• [AIM OF THE TASK]: In the material below, find the line containing "this 1023×768 image." and the line containing "this 640×480 image.". Output those two lines and all lines between them exactly, without pictures.

*** EXERCISE INPUT

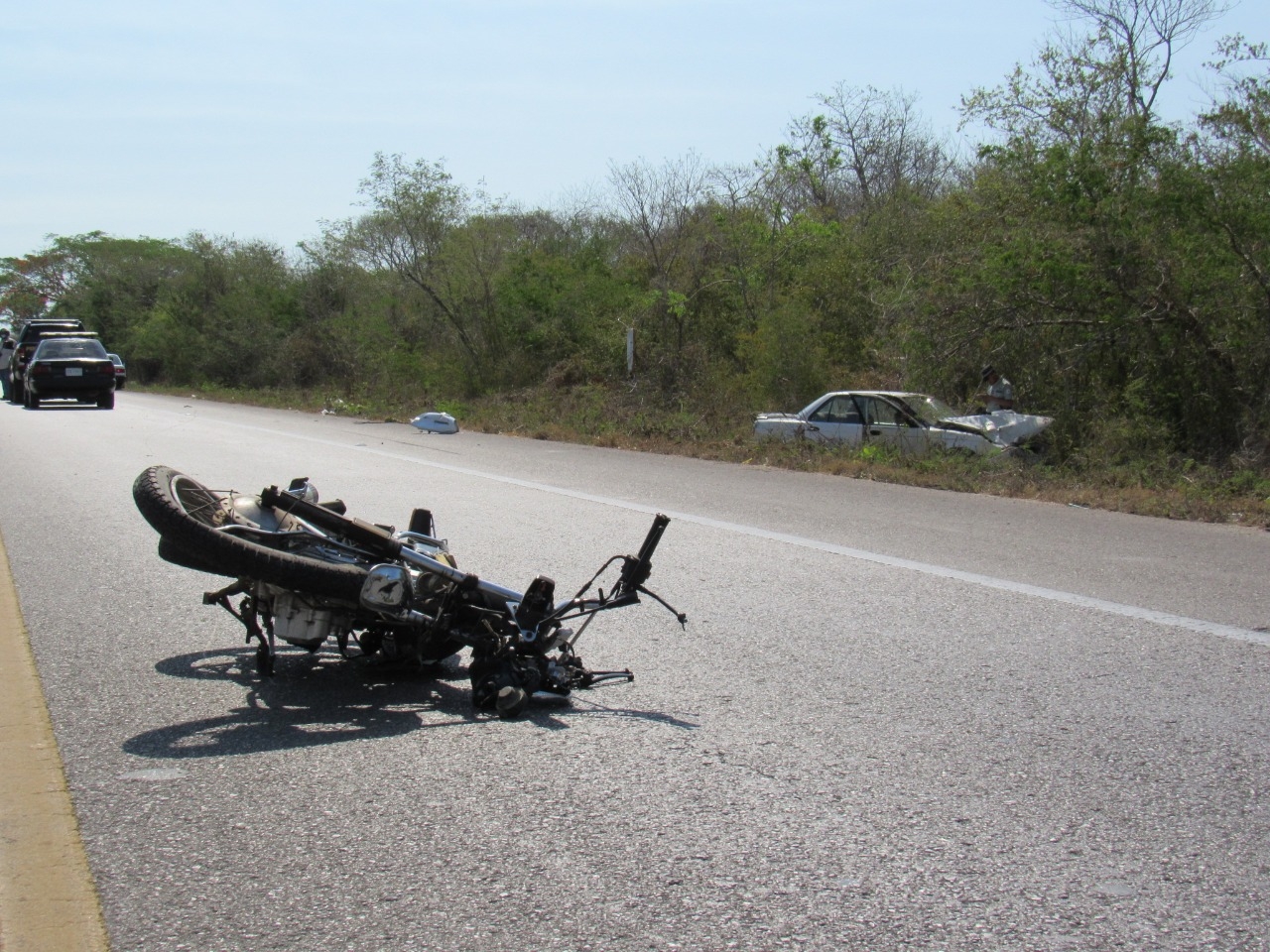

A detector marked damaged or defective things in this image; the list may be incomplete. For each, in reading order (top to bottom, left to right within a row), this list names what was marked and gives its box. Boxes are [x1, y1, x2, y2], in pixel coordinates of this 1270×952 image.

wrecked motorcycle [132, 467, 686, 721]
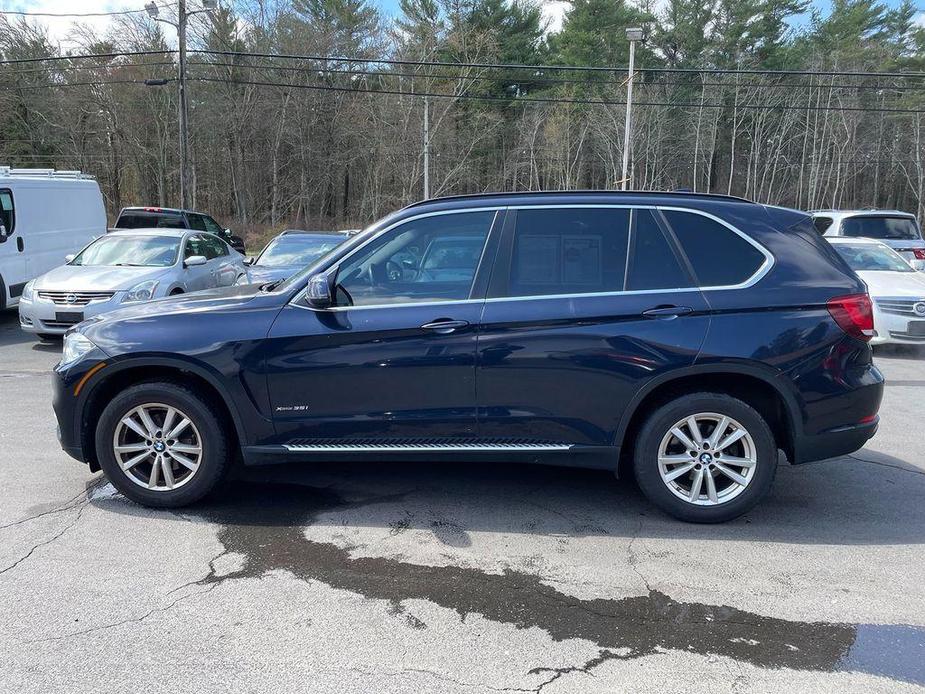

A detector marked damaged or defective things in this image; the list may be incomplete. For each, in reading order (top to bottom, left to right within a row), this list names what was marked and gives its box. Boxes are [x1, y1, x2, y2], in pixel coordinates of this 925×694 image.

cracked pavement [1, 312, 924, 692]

******
*** EXERCISE INPUT

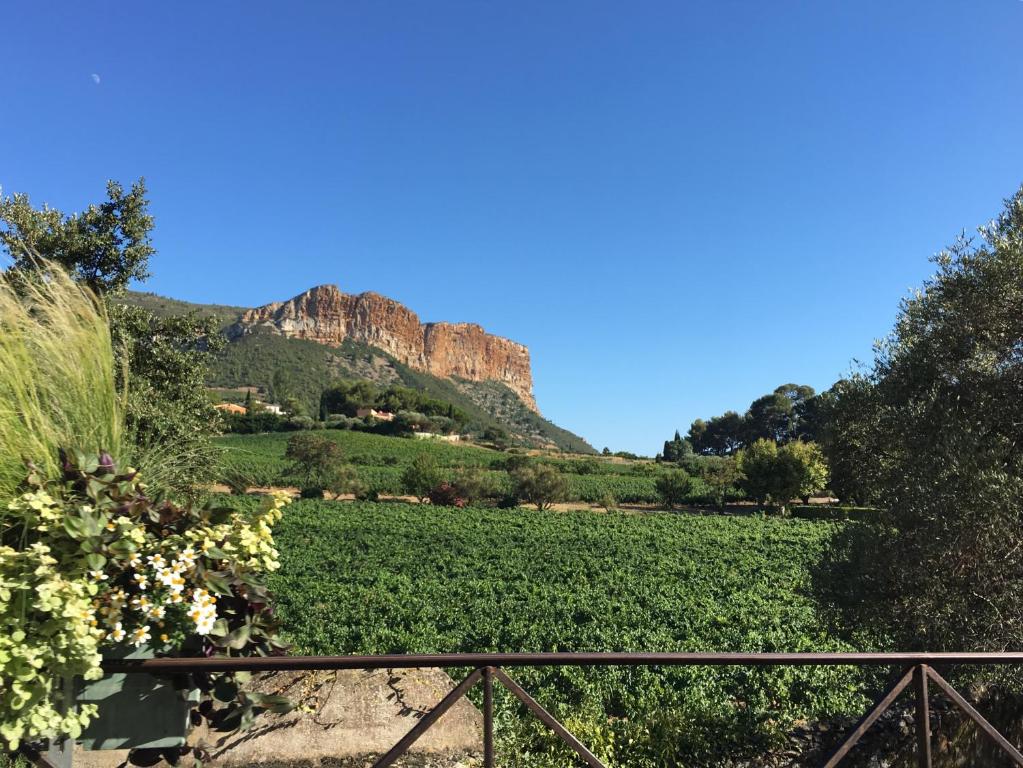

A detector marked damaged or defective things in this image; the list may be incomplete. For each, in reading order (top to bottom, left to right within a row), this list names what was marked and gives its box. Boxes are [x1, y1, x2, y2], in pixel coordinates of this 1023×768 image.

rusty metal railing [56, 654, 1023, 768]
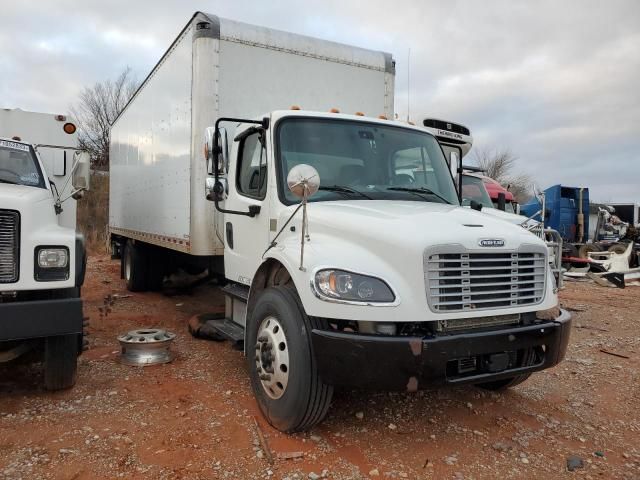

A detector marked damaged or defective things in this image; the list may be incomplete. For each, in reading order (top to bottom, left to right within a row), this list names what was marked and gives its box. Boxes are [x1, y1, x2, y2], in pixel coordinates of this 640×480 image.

******

• [EXPECTED OUTPUT]:
A detector marked damaged or defective things in this image; the list may be incomplete. For each, in reading order (top to bottom, left to right within a row), this list names what was marked and gives its box. Boxes are [x1, y1, x2, y2], in pixel coordinates of this 1023×768 image.

rusty metal railing [56, 654, 1023, 768]

A detector marked damaged or defective things in this image; the list may be incomplete. For each, in reading order (top to bottom, left to right within a row), this list names what was marked and gives its box. Boxes are [x1, y1, x2, y2], in pixel coordinates of this 640×480 image.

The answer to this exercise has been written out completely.